Pictures must not appear in the copy. Restate exactly the lines below from the one with "eres la familia" through the one with "Mercedes-Benz E-Class 2022 — photo 12", inclusive.

(DATA TO EXAMINE)

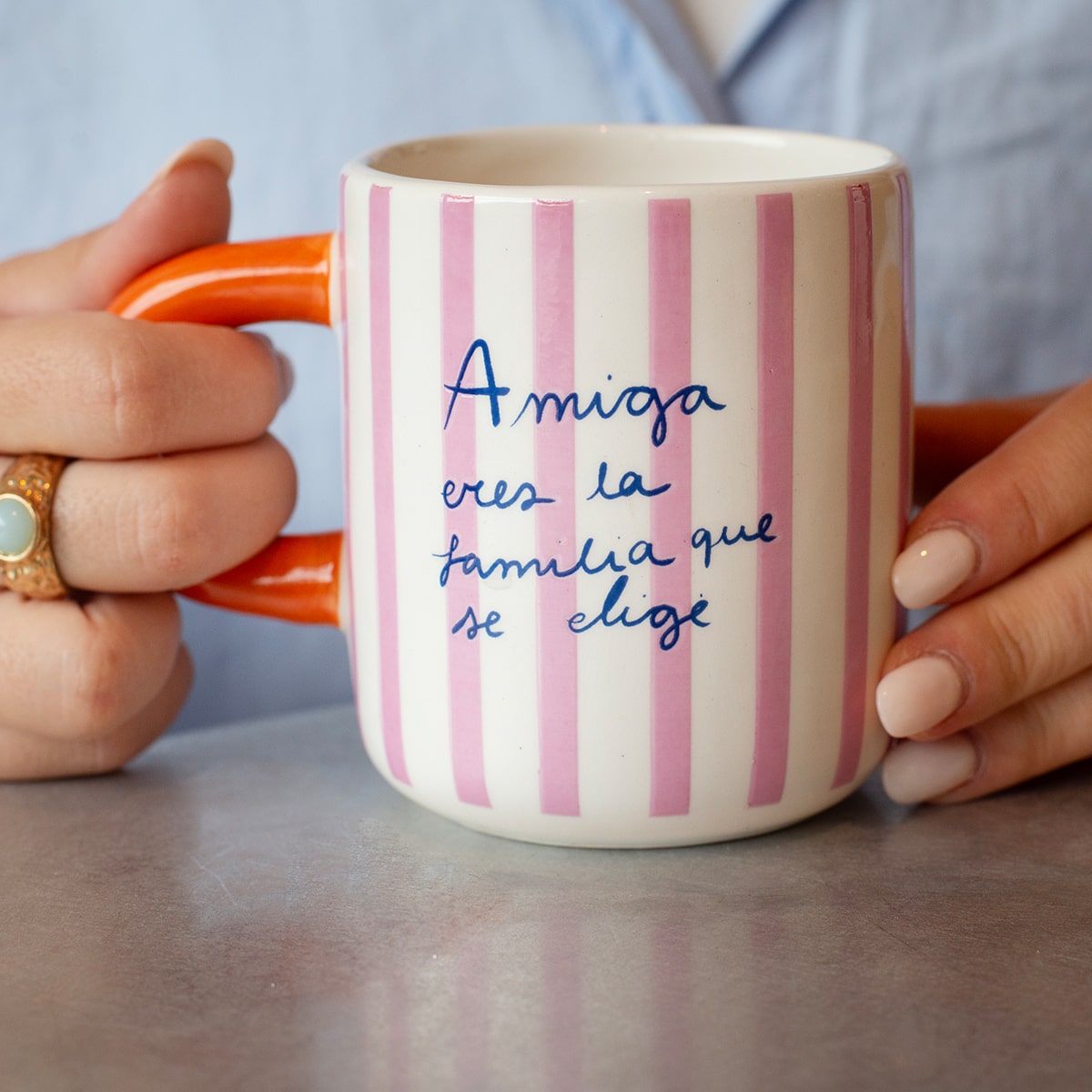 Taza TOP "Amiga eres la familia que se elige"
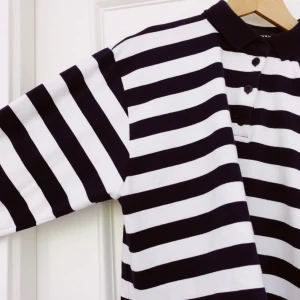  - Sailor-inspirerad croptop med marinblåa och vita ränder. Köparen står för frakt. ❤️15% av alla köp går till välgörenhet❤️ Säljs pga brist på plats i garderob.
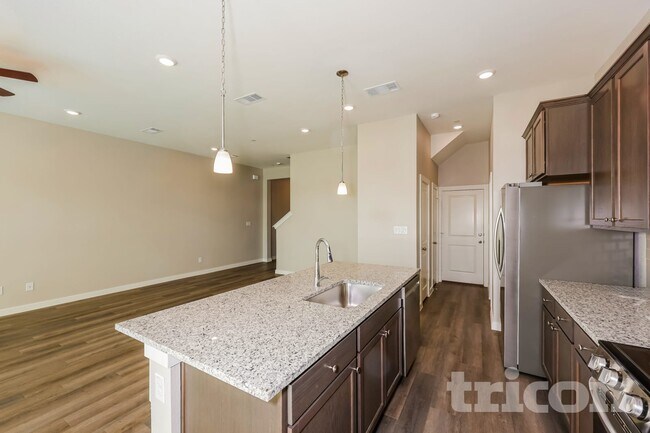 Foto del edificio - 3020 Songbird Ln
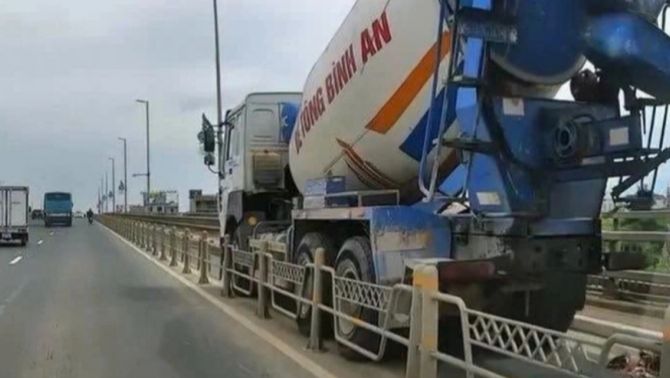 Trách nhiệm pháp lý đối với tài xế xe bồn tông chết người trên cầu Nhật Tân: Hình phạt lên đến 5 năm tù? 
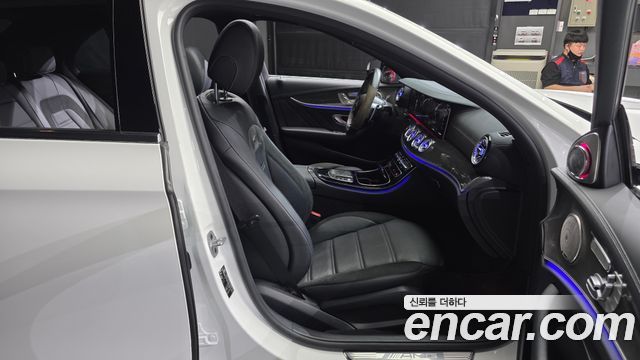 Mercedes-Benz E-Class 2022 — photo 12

(End DATA TO EXAMINE)
(DATA TO EXAMINE)

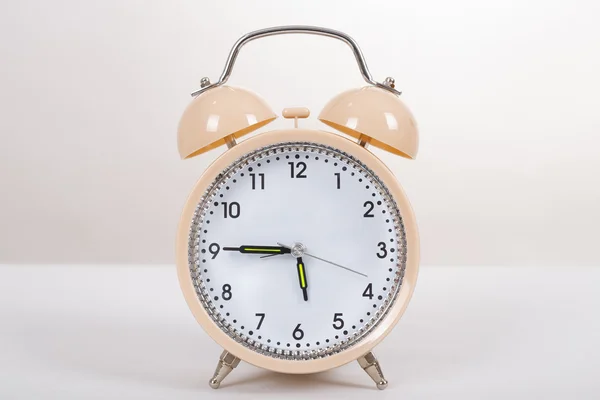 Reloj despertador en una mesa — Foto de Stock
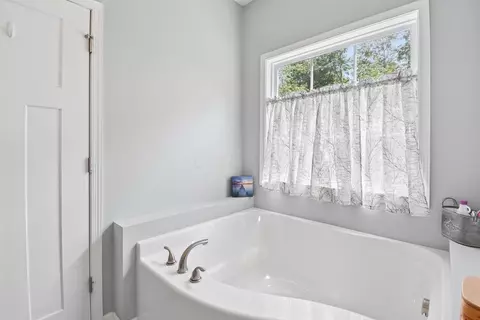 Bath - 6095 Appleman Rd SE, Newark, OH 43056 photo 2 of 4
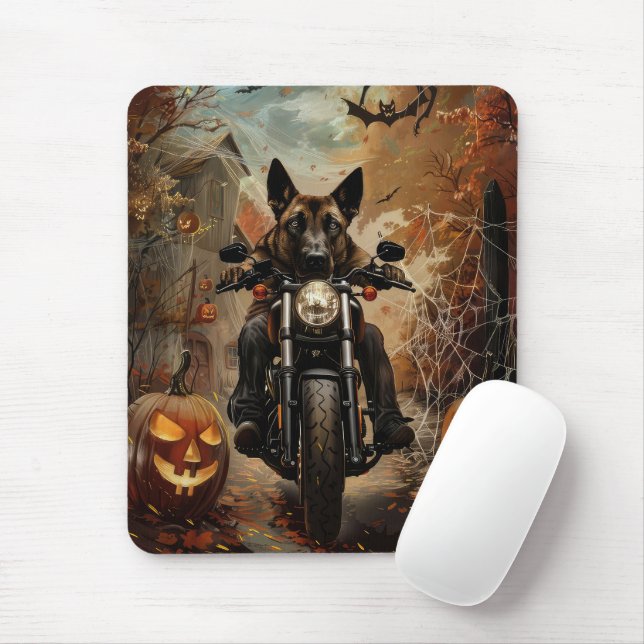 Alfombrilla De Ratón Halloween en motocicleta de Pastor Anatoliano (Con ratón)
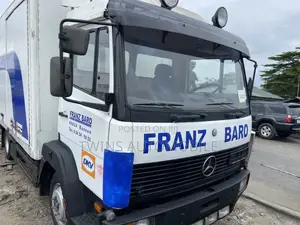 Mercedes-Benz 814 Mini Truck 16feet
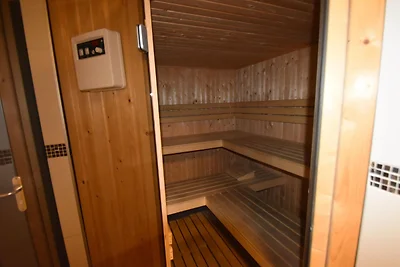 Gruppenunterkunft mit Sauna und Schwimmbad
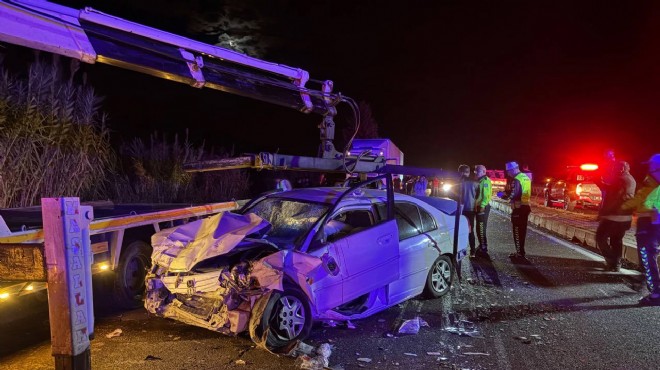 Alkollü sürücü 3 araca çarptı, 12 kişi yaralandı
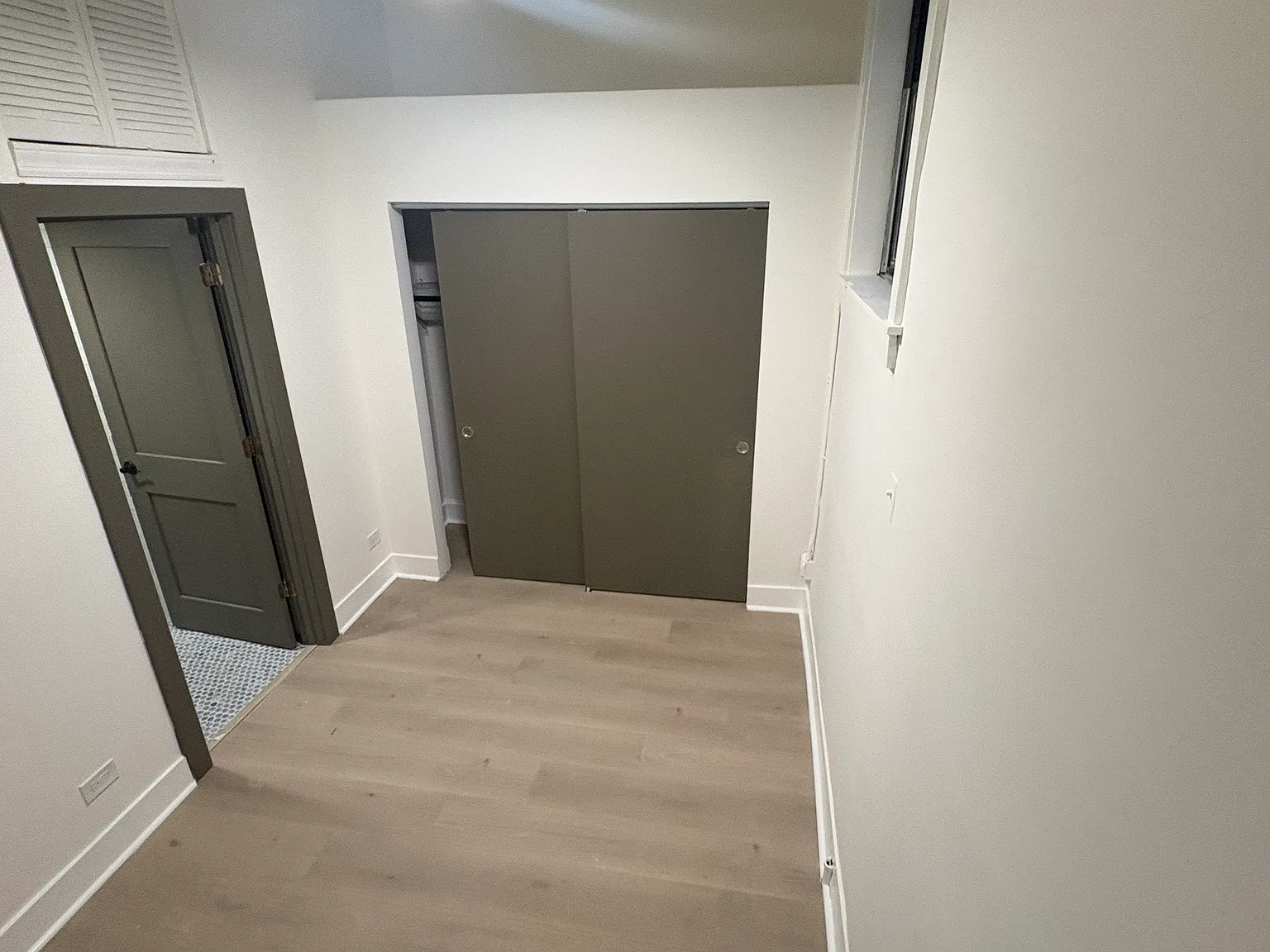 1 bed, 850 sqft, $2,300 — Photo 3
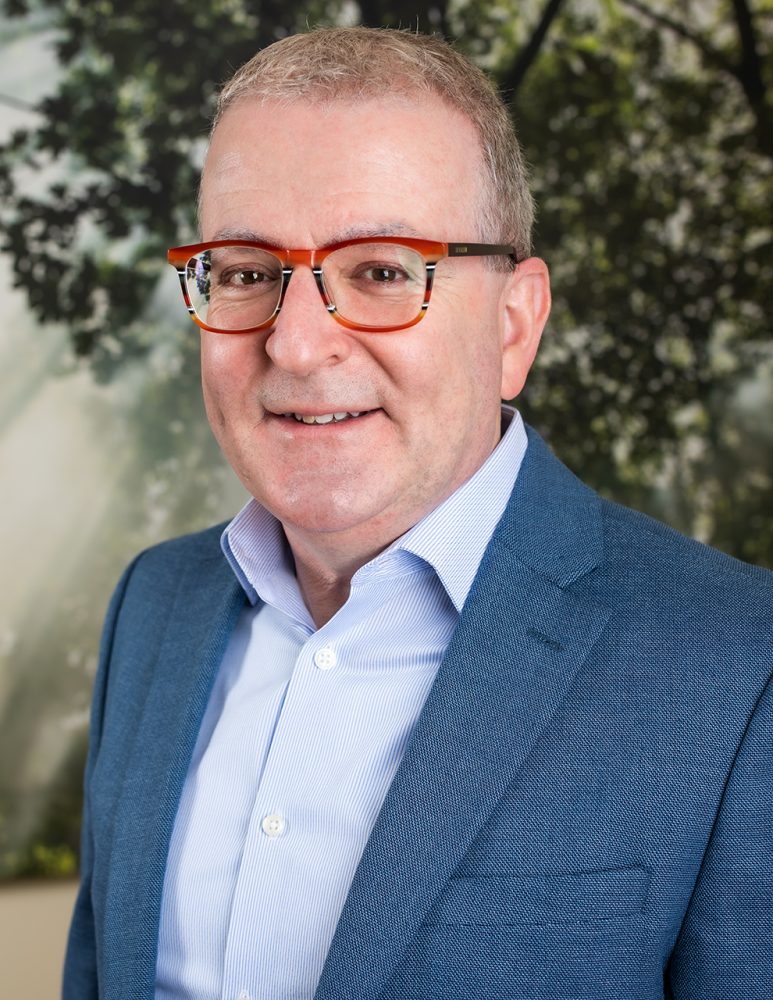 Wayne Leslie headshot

(End DATA TO EXAMINE)

**RESULT OF THE TASK:**
 Taza TOP "Amiga eres la familia que se elige"
  - Sailor-inspirerad croptop med marinblåa och vita ränder. Köparen står för frakt. ❤️15% av alla köp går till välgörenhet❤️ Säljs pga brist på plats i garderob.
 Foto del edificio - 3020 Songbird Ln
 Trách nhiệm pháp lý đối với tài xế xe bồn tông chết người trên cầu Nhật Tân: Hình phạt lên đến 5 năm tù? 
 Mercedes-Benz E-Class 2022 — photo 12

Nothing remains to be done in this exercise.